Work to complete:
Return, unaltered, every line from the beginning of the material below up to and including the one with "Buvard 810 CALENDRIER".

Records provided:

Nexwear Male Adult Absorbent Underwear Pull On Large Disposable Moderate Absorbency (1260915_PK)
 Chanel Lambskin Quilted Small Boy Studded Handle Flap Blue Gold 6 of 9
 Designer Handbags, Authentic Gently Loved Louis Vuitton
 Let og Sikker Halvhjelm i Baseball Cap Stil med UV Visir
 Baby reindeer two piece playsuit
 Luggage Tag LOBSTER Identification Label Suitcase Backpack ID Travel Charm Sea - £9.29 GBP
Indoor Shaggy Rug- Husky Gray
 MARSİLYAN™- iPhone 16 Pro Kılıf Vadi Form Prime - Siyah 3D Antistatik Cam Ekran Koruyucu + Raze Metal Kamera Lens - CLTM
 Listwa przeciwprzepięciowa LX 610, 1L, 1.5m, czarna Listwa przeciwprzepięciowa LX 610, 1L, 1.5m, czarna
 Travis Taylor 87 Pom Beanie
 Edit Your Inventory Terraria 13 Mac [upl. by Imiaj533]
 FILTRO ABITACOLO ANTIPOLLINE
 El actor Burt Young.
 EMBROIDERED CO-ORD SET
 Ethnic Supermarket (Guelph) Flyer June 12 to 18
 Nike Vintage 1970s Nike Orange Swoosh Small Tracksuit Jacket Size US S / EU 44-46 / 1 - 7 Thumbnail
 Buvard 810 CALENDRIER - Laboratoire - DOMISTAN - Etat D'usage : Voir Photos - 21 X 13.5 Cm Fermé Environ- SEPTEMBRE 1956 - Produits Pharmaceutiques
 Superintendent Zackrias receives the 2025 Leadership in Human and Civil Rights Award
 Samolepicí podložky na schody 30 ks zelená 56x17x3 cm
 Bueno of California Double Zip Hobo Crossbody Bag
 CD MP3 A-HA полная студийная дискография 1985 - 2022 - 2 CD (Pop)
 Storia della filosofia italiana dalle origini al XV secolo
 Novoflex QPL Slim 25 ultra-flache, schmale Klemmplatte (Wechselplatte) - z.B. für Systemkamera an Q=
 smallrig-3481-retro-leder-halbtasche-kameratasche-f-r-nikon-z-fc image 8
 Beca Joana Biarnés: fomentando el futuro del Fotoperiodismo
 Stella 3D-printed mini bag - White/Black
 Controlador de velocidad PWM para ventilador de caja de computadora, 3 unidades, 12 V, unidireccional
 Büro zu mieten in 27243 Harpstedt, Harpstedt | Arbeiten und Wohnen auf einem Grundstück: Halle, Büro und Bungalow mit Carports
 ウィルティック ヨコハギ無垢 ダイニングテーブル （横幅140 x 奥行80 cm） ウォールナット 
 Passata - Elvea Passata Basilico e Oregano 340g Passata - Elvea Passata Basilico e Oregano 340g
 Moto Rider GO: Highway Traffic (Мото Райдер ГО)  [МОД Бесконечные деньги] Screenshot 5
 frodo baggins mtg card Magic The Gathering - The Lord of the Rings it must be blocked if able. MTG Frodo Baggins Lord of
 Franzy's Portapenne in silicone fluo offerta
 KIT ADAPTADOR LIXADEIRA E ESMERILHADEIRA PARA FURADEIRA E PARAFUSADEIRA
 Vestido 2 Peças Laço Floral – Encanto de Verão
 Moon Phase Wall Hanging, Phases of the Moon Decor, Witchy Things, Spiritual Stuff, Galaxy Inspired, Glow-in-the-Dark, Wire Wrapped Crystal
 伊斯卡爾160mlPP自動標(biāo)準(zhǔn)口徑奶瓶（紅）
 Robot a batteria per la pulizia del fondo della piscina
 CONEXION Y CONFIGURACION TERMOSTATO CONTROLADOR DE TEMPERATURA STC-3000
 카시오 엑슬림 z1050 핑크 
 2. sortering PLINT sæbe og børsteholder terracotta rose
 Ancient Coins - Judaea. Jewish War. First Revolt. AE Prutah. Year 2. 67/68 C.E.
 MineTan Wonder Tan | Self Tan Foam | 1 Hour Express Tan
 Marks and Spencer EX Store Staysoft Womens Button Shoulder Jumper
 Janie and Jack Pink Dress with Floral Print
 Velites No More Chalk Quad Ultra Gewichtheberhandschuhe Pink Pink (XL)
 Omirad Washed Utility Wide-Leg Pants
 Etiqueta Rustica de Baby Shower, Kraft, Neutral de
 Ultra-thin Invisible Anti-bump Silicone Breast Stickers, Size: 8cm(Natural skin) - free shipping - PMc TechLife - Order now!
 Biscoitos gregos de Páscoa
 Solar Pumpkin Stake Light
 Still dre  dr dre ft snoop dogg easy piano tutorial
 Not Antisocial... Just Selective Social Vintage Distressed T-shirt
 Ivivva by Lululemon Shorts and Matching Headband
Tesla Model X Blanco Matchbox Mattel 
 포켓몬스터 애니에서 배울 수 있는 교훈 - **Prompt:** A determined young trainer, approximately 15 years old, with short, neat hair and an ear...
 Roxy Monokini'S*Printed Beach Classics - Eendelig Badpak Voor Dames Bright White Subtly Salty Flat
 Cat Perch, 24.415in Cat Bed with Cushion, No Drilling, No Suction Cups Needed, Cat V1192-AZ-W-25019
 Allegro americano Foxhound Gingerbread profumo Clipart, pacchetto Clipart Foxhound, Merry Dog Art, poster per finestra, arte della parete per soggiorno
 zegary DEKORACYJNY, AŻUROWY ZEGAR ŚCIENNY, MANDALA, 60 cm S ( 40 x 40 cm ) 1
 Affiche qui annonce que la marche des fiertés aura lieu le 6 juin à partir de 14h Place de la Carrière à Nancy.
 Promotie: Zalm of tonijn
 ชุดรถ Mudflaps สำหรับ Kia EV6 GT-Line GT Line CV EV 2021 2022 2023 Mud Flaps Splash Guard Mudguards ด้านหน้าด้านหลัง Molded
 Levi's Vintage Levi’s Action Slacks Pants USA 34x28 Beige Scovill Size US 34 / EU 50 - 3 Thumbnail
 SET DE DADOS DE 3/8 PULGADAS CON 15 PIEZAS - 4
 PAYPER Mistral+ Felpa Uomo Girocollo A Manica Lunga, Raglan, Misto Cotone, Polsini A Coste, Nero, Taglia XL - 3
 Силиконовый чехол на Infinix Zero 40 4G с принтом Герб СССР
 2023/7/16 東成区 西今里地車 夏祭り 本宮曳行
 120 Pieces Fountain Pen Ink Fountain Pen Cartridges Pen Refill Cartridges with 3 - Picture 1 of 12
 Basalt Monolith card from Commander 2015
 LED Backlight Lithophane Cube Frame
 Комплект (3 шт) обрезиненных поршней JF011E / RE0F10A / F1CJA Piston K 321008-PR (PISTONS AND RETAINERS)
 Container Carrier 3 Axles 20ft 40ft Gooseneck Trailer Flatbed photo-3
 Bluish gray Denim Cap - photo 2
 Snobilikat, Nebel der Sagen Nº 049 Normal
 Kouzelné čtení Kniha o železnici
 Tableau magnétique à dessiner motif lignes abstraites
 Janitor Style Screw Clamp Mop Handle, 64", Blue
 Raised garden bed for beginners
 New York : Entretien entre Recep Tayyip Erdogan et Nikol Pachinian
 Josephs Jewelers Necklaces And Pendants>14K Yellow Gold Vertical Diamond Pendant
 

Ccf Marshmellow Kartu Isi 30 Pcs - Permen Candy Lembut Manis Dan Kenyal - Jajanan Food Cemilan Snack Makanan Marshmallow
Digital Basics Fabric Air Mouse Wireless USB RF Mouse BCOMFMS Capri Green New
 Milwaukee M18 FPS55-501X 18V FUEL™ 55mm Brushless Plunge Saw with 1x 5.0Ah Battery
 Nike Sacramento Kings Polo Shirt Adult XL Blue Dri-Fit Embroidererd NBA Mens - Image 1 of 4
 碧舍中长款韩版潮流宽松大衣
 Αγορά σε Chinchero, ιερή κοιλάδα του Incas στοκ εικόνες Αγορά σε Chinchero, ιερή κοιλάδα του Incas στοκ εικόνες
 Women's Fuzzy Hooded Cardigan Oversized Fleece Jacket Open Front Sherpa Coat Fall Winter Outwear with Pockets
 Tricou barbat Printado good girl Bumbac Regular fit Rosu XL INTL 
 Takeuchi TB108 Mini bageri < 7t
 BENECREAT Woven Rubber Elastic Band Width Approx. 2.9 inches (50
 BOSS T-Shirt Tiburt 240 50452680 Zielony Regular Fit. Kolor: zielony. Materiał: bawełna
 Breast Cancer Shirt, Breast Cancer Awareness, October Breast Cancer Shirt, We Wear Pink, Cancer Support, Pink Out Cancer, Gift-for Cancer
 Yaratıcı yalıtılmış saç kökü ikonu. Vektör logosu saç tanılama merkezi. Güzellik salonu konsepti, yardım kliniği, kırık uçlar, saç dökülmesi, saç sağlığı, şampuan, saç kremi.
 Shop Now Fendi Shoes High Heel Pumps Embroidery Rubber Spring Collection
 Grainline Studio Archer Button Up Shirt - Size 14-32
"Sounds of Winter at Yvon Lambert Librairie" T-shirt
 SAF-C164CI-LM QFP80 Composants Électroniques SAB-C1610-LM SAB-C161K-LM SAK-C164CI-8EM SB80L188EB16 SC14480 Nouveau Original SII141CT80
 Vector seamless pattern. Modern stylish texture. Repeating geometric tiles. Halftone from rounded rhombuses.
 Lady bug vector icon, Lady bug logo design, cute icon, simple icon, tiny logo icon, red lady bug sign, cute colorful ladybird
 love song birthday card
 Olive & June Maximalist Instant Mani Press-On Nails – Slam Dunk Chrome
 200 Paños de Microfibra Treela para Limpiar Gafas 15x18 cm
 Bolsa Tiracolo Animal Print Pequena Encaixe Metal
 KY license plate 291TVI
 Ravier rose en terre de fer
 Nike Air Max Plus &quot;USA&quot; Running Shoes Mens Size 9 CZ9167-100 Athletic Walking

Solution to this task:
Nexwear Male Adult Absorbent Underwear Pull On Large Disposable Moderate Absorbency (1260915_PK)
 Chanel Lambskin Quilted Small Boy Studded Handle Flap Blue Gold 6 of 9
 Designer Handbags, Authentic Gently Loved Louis Vuitton
 Let og Sikker Halvhjelm i Baseball Cap Stil med UV Visir
 Baby reindeer two piece playsuit
 Luggage Tag LOBSTER Identification Label Suitcase Backpack ID Travel Charm Sea - £9.29 GBP
Indoor Shaggy Rug- Husky Gray
 MARSİLYAN™- iPhone 16 Pro Kılıf Vadi Form Prime - Siyah 3D Antistatik Cam Ekran Koruyucu + Raze Metal Kamera Lens - CLTM
 Listwa przeciwprzepięciowa LX 610, 1L, 1.5m, czarna Listwa przeciwprzepięciowa LX 610, 1L, 1.5m, czarna
 Travis Taylor 87 Pom Beanie
 Edit Your Inventory Terraria 13 Mac [upl. by Imiaj533]
 FILTRO ABITACOLO ANTIPOLLINE
 El actor Burt Young.
 EMBROIDERED CO-ORD SET
 Ethnic Supermarket (Guelph) Flyer June 12 to 18
 Nike Vintage 1970s Nike Orange Swoosh Small Tracksuit Jacket Size US S / EU 44-46 / 1 - 7 Thumbnail
 Buvard 810 CALENDRIER - Laboratoire - DOMISTAN - Etat D'usage : Voir Photos - 21 X 13.5 Cm Fermé Environ- SEPTEMBRE 1956 - Produits Pharmaceutiques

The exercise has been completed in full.